▶ _YOUR ASSIGNMENT_
In the records below, find the line that contains "Vista 17 de" and the line that contains "770x557 Saatchi Art". Set down exactly those lines and every line between them, and nothing more.
◇ ◇ ◇ ◇ ◇
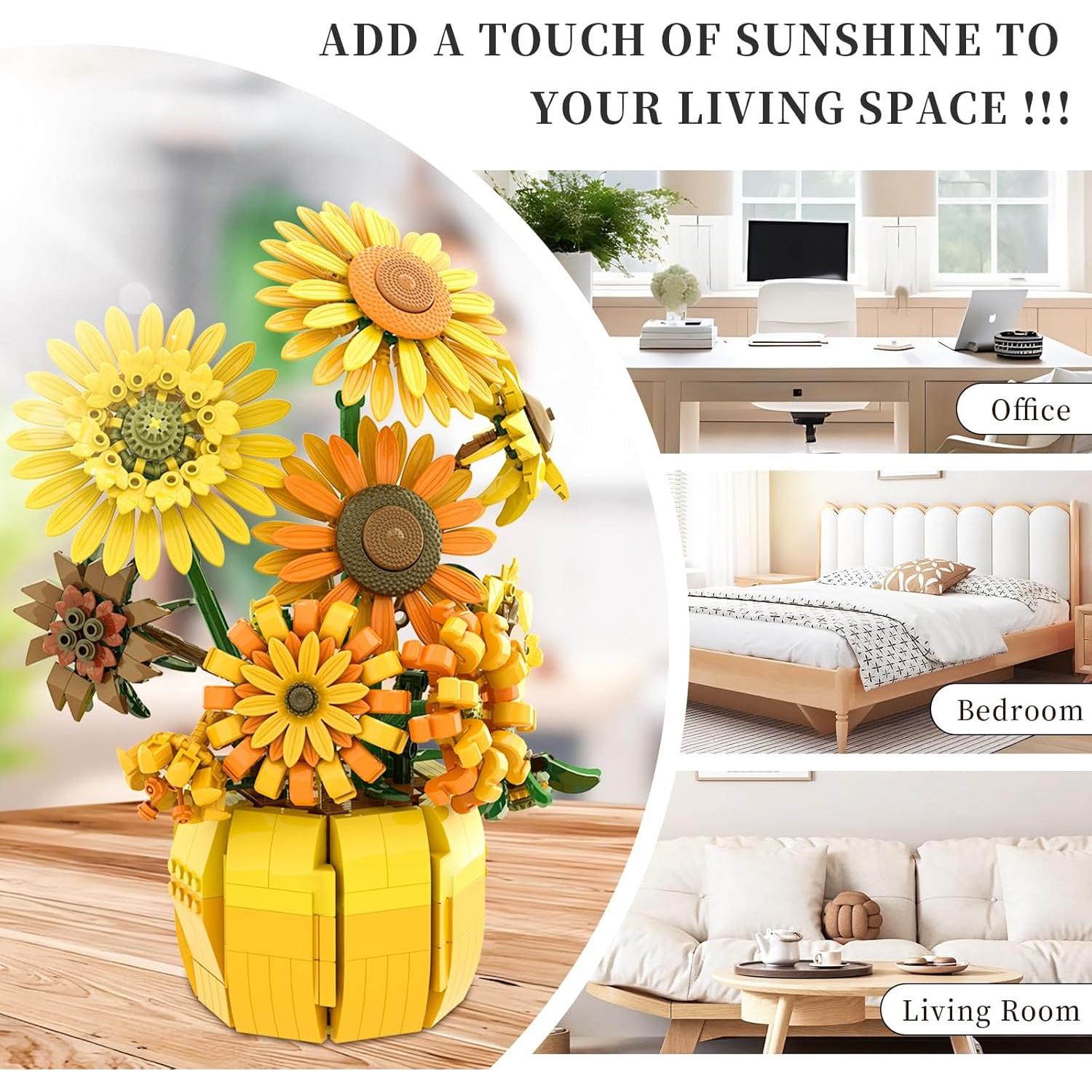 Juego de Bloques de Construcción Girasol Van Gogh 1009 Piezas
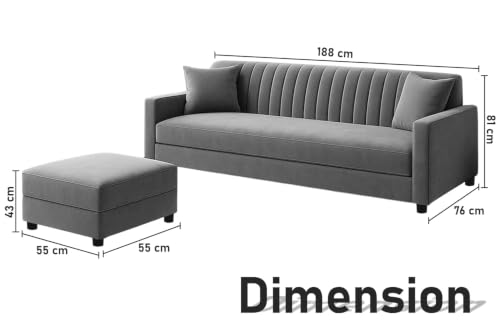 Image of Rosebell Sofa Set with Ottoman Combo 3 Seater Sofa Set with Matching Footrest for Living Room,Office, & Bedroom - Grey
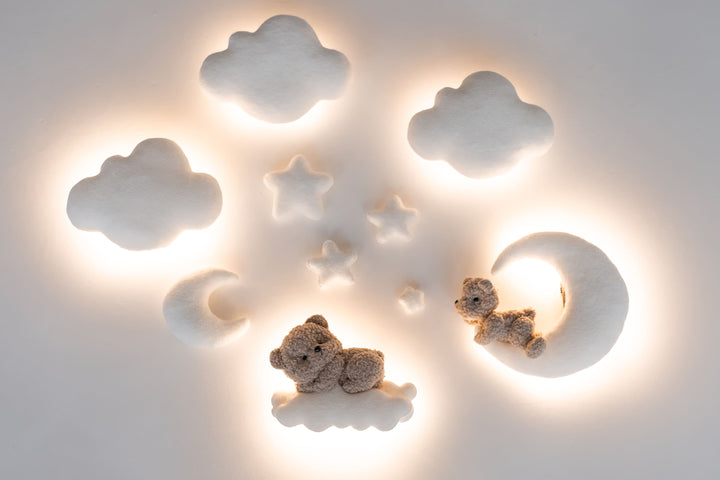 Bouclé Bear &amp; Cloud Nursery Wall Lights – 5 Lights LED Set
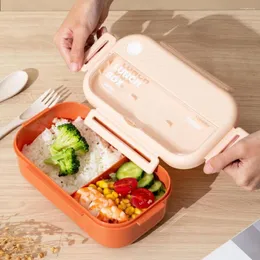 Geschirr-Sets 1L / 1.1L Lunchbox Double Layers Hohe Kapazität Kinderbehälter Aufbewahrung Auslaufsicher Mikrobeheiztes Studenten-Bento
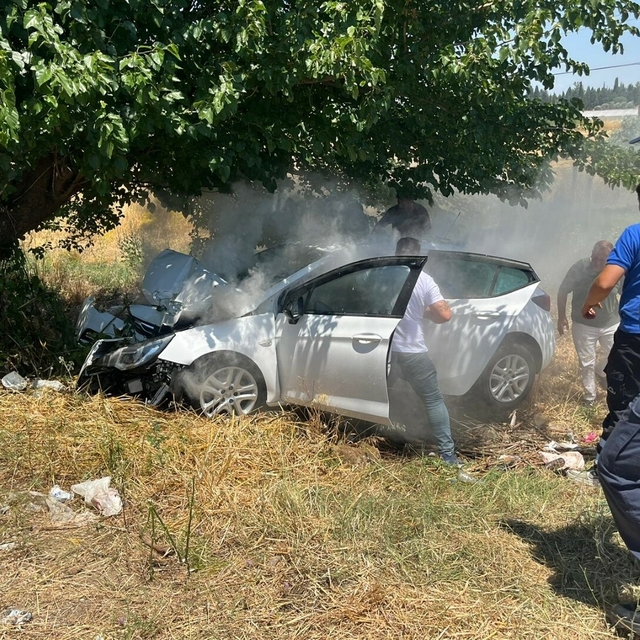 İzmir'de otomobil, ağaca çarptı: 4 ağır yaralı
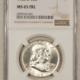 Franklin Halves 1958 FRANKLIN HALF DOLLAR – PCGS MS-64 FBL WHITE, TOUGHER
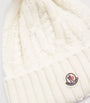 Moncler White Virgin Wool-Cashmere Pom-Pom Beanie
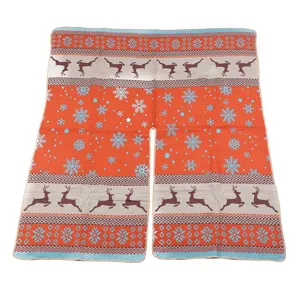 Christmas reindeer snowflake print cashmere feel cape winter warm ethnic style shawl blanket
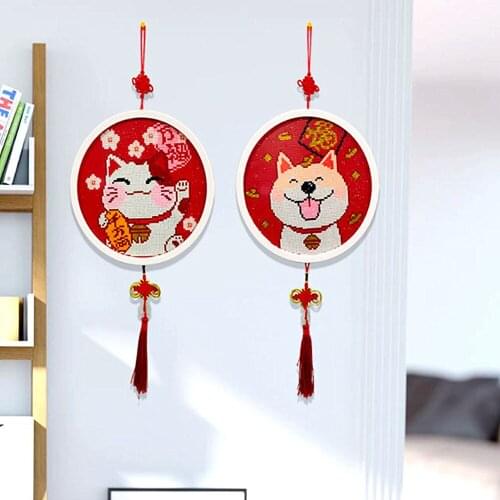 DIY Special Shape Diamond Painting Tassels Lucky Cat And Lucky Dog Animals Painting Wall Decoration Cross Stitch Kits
◇ ◇ ◇ ◇ ◇
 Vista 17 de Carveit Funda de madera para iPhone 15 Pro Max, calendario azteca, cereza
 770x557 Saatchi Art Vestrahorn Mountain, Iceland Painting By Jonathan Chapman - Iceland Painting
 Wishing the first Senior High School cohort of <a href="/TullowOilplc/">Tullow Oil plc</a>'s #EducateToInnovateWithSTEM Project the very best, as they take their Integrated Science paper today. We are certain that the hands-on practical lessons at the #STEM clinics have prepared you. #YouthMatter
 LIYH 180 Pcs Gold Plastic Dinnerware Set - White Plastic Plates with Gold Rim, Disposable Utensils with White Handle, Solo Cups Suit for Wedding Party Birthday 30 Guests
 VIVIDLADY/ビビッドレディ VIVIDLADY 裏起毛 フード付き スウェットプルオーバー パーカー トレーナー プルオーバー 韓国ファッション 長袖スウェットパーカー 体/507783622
◇ ◇ ◇ ◇ ◇
▶ _TASK ANSWER_
 Vista 17 de Carveit Funda de madera para iPhone 15 Pro Max, calendario azteca, cereza
 770x557 Saatchi Art Vestrahorn Mountain, Iceland Painting By Jonathan Chapman - Iceland Painting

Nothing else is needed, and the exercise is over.